By Christina Hoff Sommers, Published: January 27, 2012
Christina Hoff Sommers is a resident scholar at the American Enterprise Institute. Her books include “Who Stole Feminism?” and “The War Against Boys.”
The Centers for Disease Control and Prevention recently released a study suggesting that rates of sexual violence in the United States are comparable to those in the war-stricken Congo. How is that possible?
The CDC’s National Intimate Partner and Sexual Violence Survey found that, in the United States in 2010, approximately 1.3 million women were raped and an additional 12.6 million women and men were victims of sexual violence. It reported, “More than 1 in 3 women and 1 in 4 men have experienced rape, physical violence and/or stalking by an intimate partner in their lifetime.”
Health and Human Services Secretary Kathleen Sebelius hailed the report for giving “a clear picture of the devastating impact these violent acts have on the lives of millions of Americans.”
In fact, what the study reveals is the devastating impact that careless advocacy research can have on truth. The report proposes an array of ambitious government-sponsored “prevention strategies” and recommends “multi-disciplinary service centers” offering survivors psychological and legal counseling as well as housing and economic assistance. But survivors of sexual violence would be better served by good research and sober estimates — not inflated statistics and sensationalism.

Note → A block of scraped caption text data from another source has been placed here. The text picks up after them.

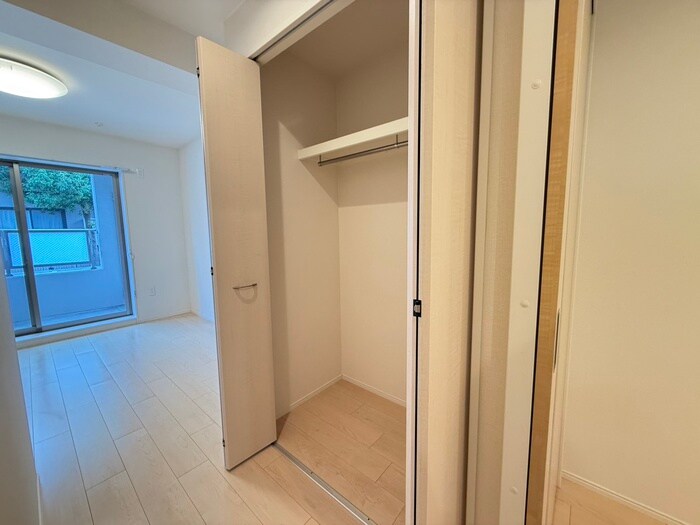 物件内観写真9　(収納)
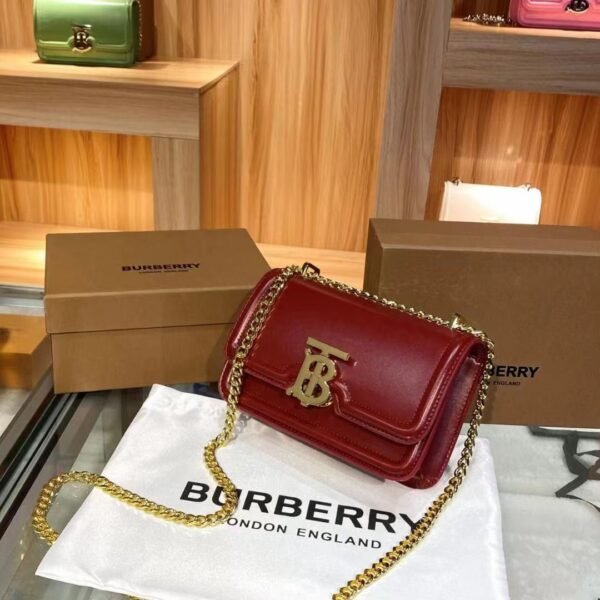 Burberry Handbag
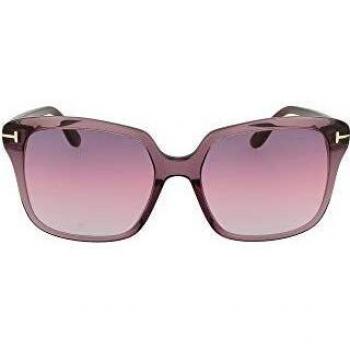 Tom Ford Stylish Sunglasses Ft0788, Purple female, Size: 56 MM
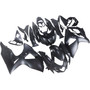 2009-2016 Suzuki GSXR1000 K9 Injection Fairing Kit Bodywork Plastic ABS Amotopart Fairing #156
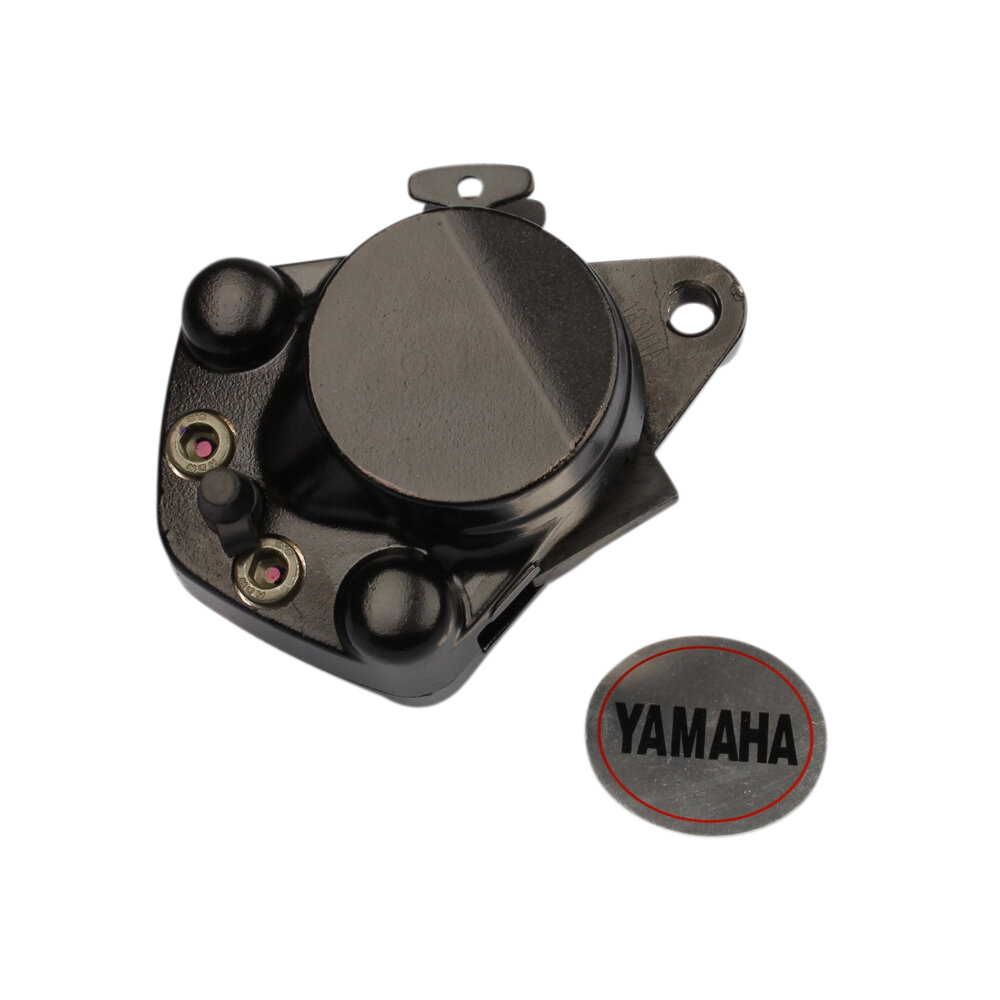 Bremssattel vorne rechts komplett für Yamaha RD 250 350 XS 650 306-25,  102,60 €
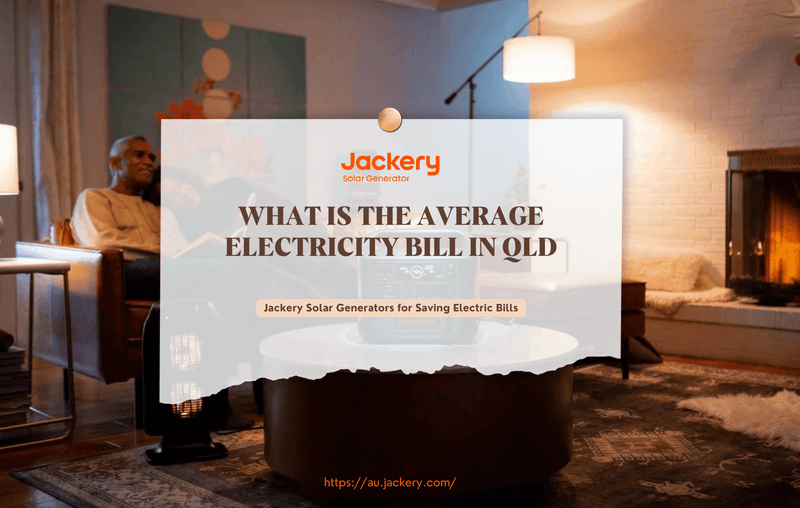 What Is The Average Electricity Bill in Queensland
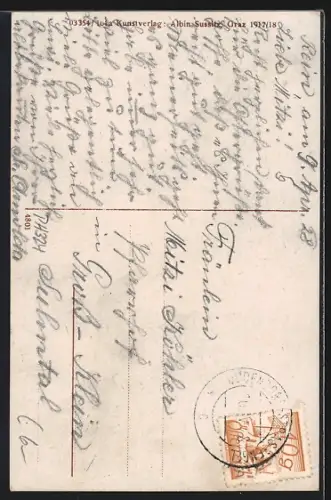 AK Strassengel bei Graz, Kirche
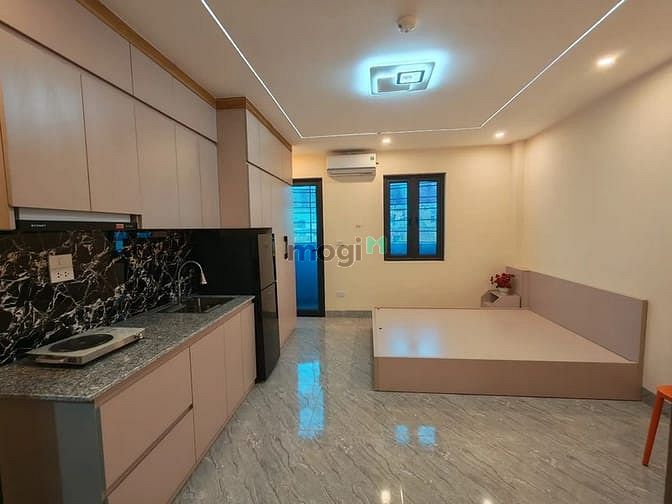 Bán căn hộ chung cư mớí xây 7 tầng thang máy .Giá 2,95 tỷ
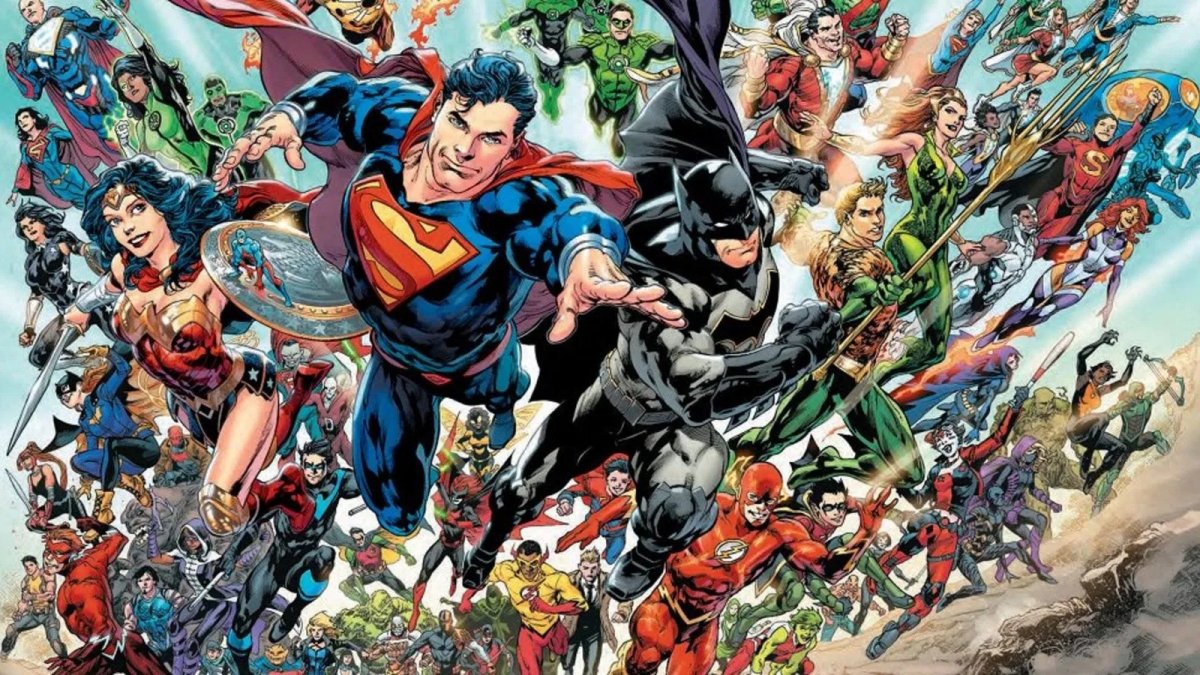 DCU, James Gunn svela nuovi dettagli sul misterioso progetto segreto in sviluppo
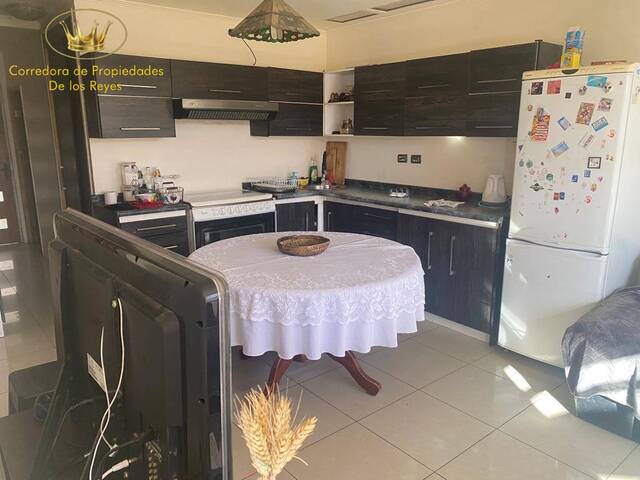 #1422 - Casa para Arriendo en Calama - II - 3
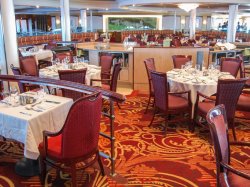 Rhapsody of the Seas Edelweiss Dining Room picture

The agency’s figures are wildly at odds with official crime statistics. The FBI found that 84,767 rapes were reported to law enforcement authorities in 2010. The Bureau of Justice Statistics’ National Crime Victimization Survey, the gold standard in crime research, reports 188,380 rapes and sexual assaults on females and males in 2010. Granted, not all assaults are reported to authorities. But where did the CDC find 13.7 million victims of sexual crimes that the professional criminologists had overlooked?
It found them by defining sexual violence in impossibly elastic ways and then letting the surveyors, rather than subjects, determine what counted as an assault. Consider: In a telephone survey with a 30 percent response rate, interviewers did not ask participants whether they had been raped. Instead of such straightforward questions, the CDC researchers described a series of sexual encounters and then they determined whether the responses indicated sexual violation. A sample of 9,086 women was asked, for example, “When you were drunk, high, drugged, or passed out and unable to consent, how many people ever had vaginal sex with you?” A majority of the 1.3 million women (61.5 percent) the CDC projected as rape victims in 2010 experienced this sort of “alcohol or drug facilitated penetration.”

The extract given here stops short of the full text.